Es difícil no ver lo que estamos diciendo. Por todos lados se nota y es evidente el descenso de las competencias cognitivas (para usar una expresión 'moderna') del hombre actual. Y no es solo un asunto de los sistemas de educación, que por supuesto que sí, sino que la cosa apunta a algo más global, más universal, la invasión de la imagen sobre el concepto, auspiciada por los grandes medios que parecen interesados en que sus consumidores permanezcan inactivos ante el tsunami de "información" que día a día les sirven como alimento mental.

Y es que para escapar de dicha pasividad hay que razonar, en el sentido más aristotélico de dicha expresión, lo cual implica usar a conciencia las tres operaciones de la inteligencia: simple abstracción, juicio y raciocinio. Cada una de ellas supone la anterior y la primera y la tercera convergen en la segunda, en el juicio, cuando la inteligencia, fecundada por lo real captado por medio de los sentidos iluminados por la luz del intelecto agente, emite su verbo mental, concibe, da a luz su palabra humana que es el concepto, con el cual teje las proposiciones, que sirven de materia prima al razonamiento, que concluye a su vez en un juicio en el que la inteligencia finalmente descansa. 

Y ello requiere esfuerzo, disciplina, constancia. Exactamente lo opuesto de sentarse frente a una pantalla y pasar horas recepcionando pasivamente el contenido cuidadosamente creado para mantenerme en ese estado cuasi vegetativo. 

La Internet, con sus redes sociales y su prácticamente ilimitado número de páginas web, representa el triunfo de la imagen; y con imagen nos referimos aquí al universo sensible, que incluye lo visual pero también lo auditivo, la sensibilidad toda. Es difícil no sentirse subyugado por tantas formas, colores, movimientos, animaciones, sonidos, etc., cuando nos entretenemos ante la pantalla del celular o del computador, es verdaderamente una red que sabe cómo atraer la atención y atraparla.

Pero no se trata ya, como en el libro del jesuita que rastrea la ideogénesis, de una sensibilidad que sirve de punto de apoyo para el trabajo abstractivo de la inteligencia, sino que se trata ahora de una sensibilidad que permanece en lo sensible, que no ofrece otra cosa más allá de la desnuda sensación y lo que ella puede ofrecer en términos de experiencia de lo inmediato, lo que cautiva en el instante, lo pasajero, lo que detrás de sí llama otra imagen que viene pronto a suplantar la anterior, en un desfile interminable de percepciones que se quedan en la mera materialidad de lo visual/auditivo. 

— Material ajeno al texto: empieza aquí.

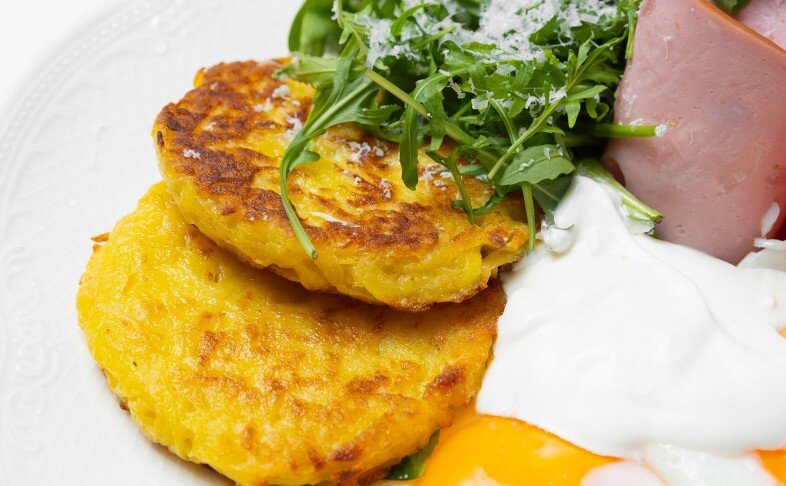 Картофельные драники с глазуньей, мортаделлой, миксом зелени и сметаной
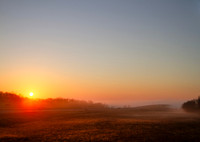 Sunrise in eastern oklahoma, a bridge disappears into the fog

Tenemos así un universo de lo sensible hipertrofiado, que a su vez atrofia el ejercicio propio de la inteligencia. No hay abstracción, se la estorba, se la impide, y en un movimiento completamente desnaturalizador, se le cierra al intelecto agente la posibilidad de fecundar los datos sensibles para alumbrar el concepto. Es una especie de aborto epistemológico.

Nada tiene de raro entonces que las nuevas generaciones sean cada vez más  incapaces de los grandes retos metafísicos, de pensar los grandes pensamientos, de razonar en profundidad sobre las grandes verdades, esas que, aunque tomando pie de la sensibilidad, se ubican más allá, en el reino de lo inmaterial, universal y necesario; que es el reino del concepto. Se han habituado a la imagen y se encuentran con la incapacidad de alumbrar el concepto, el concebido.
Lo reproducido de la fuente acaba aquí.